Les Pennsylvaniens de The Depth Beneath Us, après une entrée en matière remarquée via leur album éponyme, ont savamment préparé leur retour. La pochette maritime rappelle la potomanie du post-rock, mais le concept est un peu plus sioux : Descent étudie le conflit sous toutes ses formes : sociétal, interpersonnel, romantique… Pour ne pas sombrer dans la morosité, l’album met en lumière les solutions correspondantes : se divertir, voyager, entrer en une profonde méditation… Si les musiciens du groupe restent reconnaissables, il y a en Descent un état d’esprit nouveau, et chacun semble avoir avalé un lion de mer. Les trois guitares ne sont pas un luxe, mais le fer de lance d’une approche quasi symphonique. Ne se contentant pas de leads entraînants, elles libèrent de grands espaces ou nous entortillent dans des rythmiques plus fourbes (« Descent » et son « Tool lumineux »). Revendiquant des structures post-metal et injectant un peu de folie progressive old-school, l’album est un concentré d’aventure et d’euphorie, qui s’accorde quelques notes d’effroi en fin de « Jealousy Professor ».

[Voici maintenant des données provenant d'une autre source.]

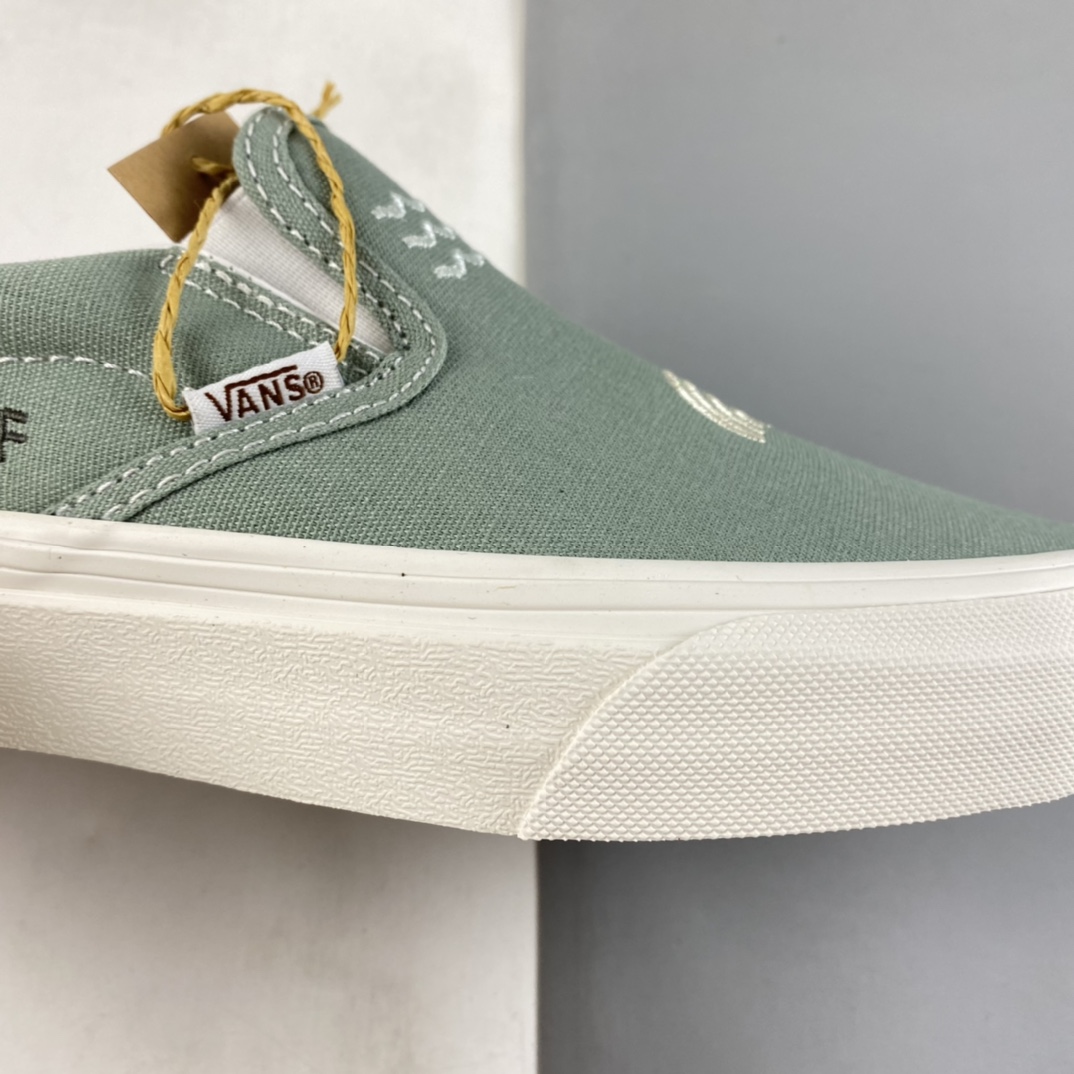 P140  Vans Slip-On 范斯官方 灰绿色趣味图案懒人套休闲板鞋 VN0A5KRDAST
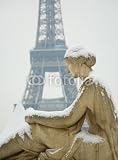 Wallmonkeys Peel and Stick Wall Decals - Rare Snowy Day in Paris. Statue of Woman at the Trocadero, the E - Removable Graphic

La classe d’« Intermission » (sur l’album précédent) est mêlée à une énergie aux multiples saveurs – le tout sans prétention aucune, juste avec du fun et de l’envie. Descent sait laisser respirer tout en barrant la route à l’ennui. La réverbération duveteuse s’y marie à des coups de griffes plus directs ; « Emprise » aurait pu être affublé de stridulations power metal sans que cela surprenne. Les pistes sont grassouillettes sans s’éterniser : « Apollonian » raconte une histoire bien fournie en « seulement » six minutes et demie. Sur « 117B », le batteur démontre la prépondérance de son rôle, introduisant un solo de guitare langoureux, tandis que « Closure » nous adresse un au revoir néofolk avec juste ce qu’il faut de précautions pour éviter le hors-sujet. Descent est gorgé de notes d’espoir, même si les accalmies tendent fatalement à être temporaires. Cette musique, en tout cas, restera un moment en qui daignera l’accueillir.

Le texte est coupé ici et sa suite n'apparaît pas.